Finite-State Controllers for (Hidden-Model) POMDPs using Deep Reinforcement Learning
David Hudák, Maris F. L. Galesloot, Martin Tappler, Martin Kurečka, Nils Jansen, Milan Češka
TL;DR
The paper tackles scalability and verifiability in POMDP planning by combining deep reinforcement learning with formal policy extraction. It introduces Lexpop, which trains neural policies via DRL and then extracts finite-state controllers (FSCs) that can be formally evaluated, extending the approach to HM-POMDPs for worst-case robustness. Two FSC extraction methods are proposed: automata learning (Alergia) and Self-Interpretable Networks (SIG), together with a verification framework (PAYNT/Storm) to guarantee performance bounds.
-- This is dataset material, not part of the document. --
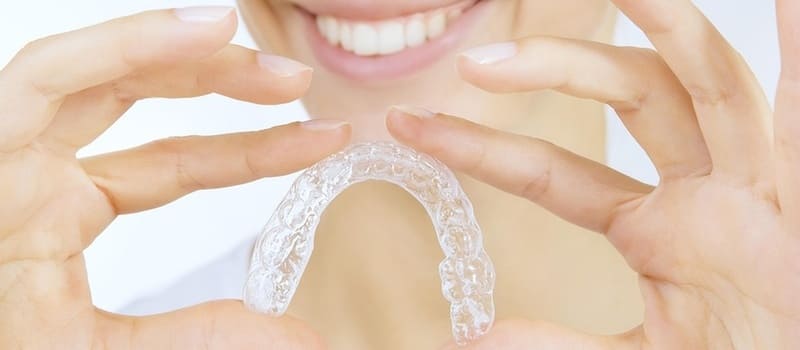 clear retainers pros and cons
Experiments on large state-space problems show that Lexpop outperforms state-of-the-art solvers in both standard and robust HM-POMDP settings, demonstrating scalable, verifiable planning in challenging domains.
Abstract
Solving partially observable Markov decision processes (POMDPs) requires computing policies under imperfect state information. Despite recent advances, the scalability of existing POMDP solvers remains limited. Moreover, many settings require a policy that is robust across multiple POMDPs, further aggravating the scalability issue. We propose the Lexpop framework for POMDP solving. Lexpop (1) employs deep reinforcement learning to train a neural policy, represented by a recurrent neural network, and (2) constructs a finite-state controller mimicking the neural policy through efficient extraction methods. Crucially, unlike neural policies, such controllers can be formally evaluated, providing performance guarantees. We extend Lexpop to compute robust policies for hidden-model POMDPs (HM-POMDPs), which describe finite sets of POMDPs. We associate every extracted controller with its worst-case POMDP. Using a set of such POMDPs, we iteratively train a robust neural policy and consequently extract a robust controller. Our experiments show that on problems with large state spaces, Lexpop outperforms state-of-the-art solvers for POMDPs as well as HM-POMDPs.